Artist Keith Haring once wrote, “I have been drawing since I was four years old. I learned to draw from my father, who would entertain me by inventing cartoon animals. Although he never pursued an artistic career, he encouraged me to continue drawing throughout my school years. Drawing became a way of commanding respect and communicating with people.”
After experimenting with other media, Haring said, “In 1980, I returned to drawing with a new commitment to purpose and reality. If I was going to draw, there had to be a reason. That reason, I decided, was for people. The only way art lives is through the experience of the observer. The reality of art begins in the eyes of the beholder and gains power through imagination, invention, and confrontation.”
Haring began filling the blank ad spaces in New York City subway stations with quick, dynamic chalk drawings in what would become his iconic style.
“The drawings are designed to provoke people to think and use their own imagination. They…challenge the viewer to assert his or her own ideas and interpretation. Sometimes, people find this uncomfortable, especially because the drawings are in a space usually reserved for advertisements which tell you exactly what to think.”

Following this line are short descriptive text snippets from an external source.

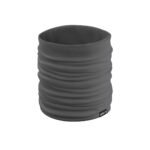 CUELLERA SUANIX - Imagen 2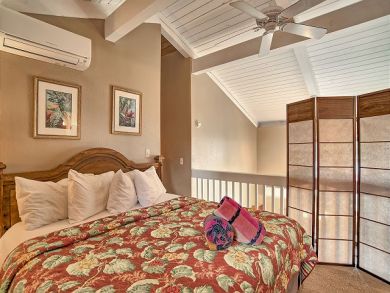 Kihei Condo 883486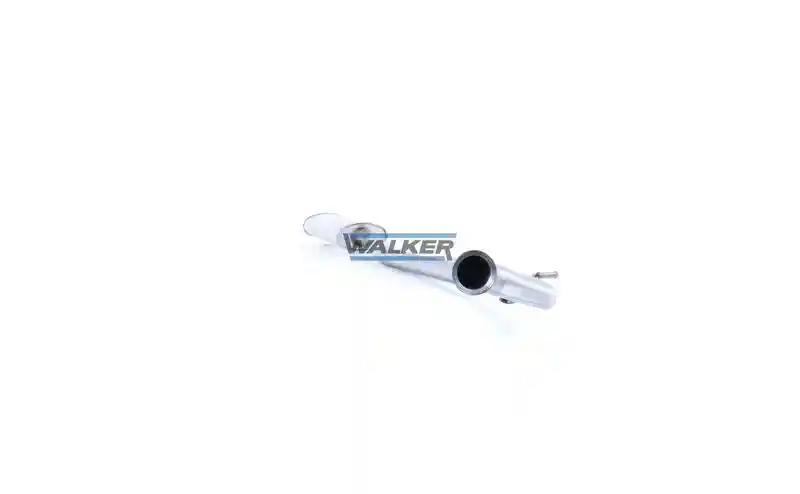 WALKER 22368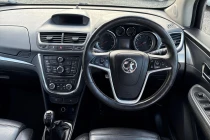 Vehicle Thumbnail 27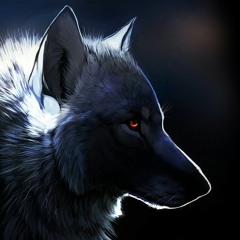 wingedgriffinn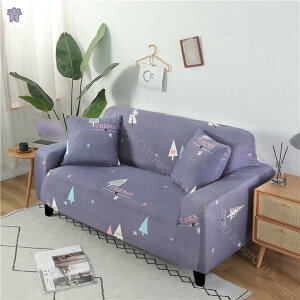 1000~OFFN[| \t@[Jo[ \t@Jo[ \t@[xbhJo[ Xgb` k Lkf tEāEHE~ lGp t@bV  ~  hÓd I|ȂDG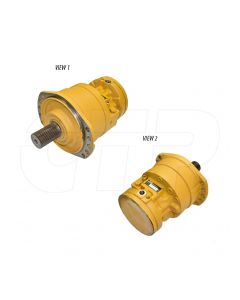 Image of CTP-2807854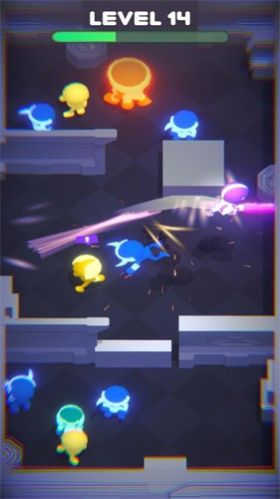 ʦ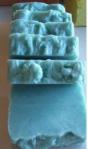 ocean water soap
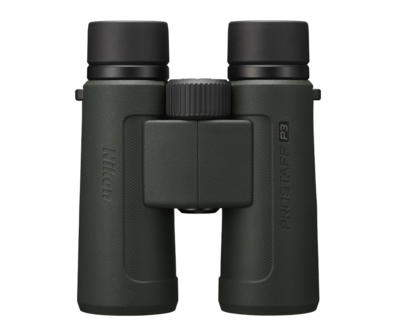 Nikon Prostaff P3 10x42 kijker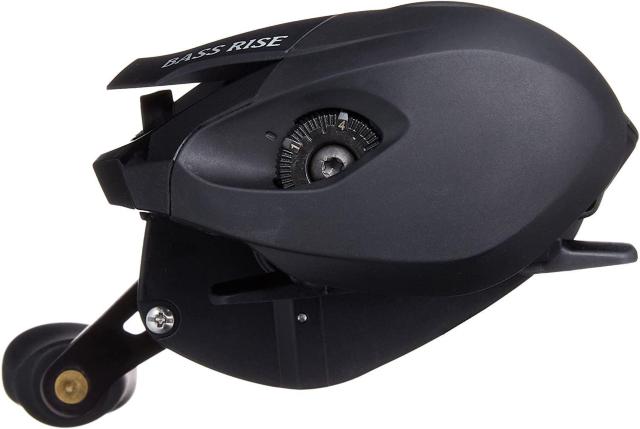 シマノ(SHIMANO) ベイトリール 18 バスライズ < レジャー/スポーツ  シマノ(SHIMANO) ベイトリール 18 バスライズ < レジャー/スポーツの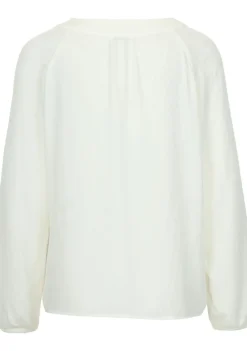 DAMES MARC CAIN BLOUSE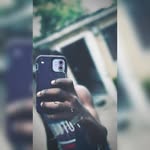 Morrisedwards - @morrisedwards95 - Instagram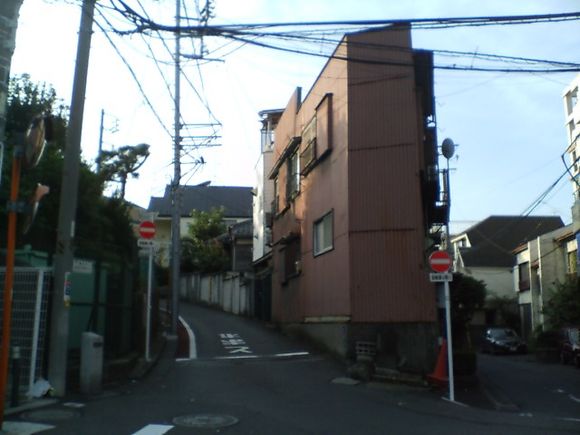 D1010027.JPG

“There is something very ‘real’ about the subway system and the people who travel in it; perhaps there is not another place in the world where people of such diverse appearance, background, and lifestyle have intermingled for a common purpose. In this underground environment, one can often feel a sense of oppression and struggle in the vast assortment of faces. It is in this context that an expression of hope and beauty carries the greatest rewards.”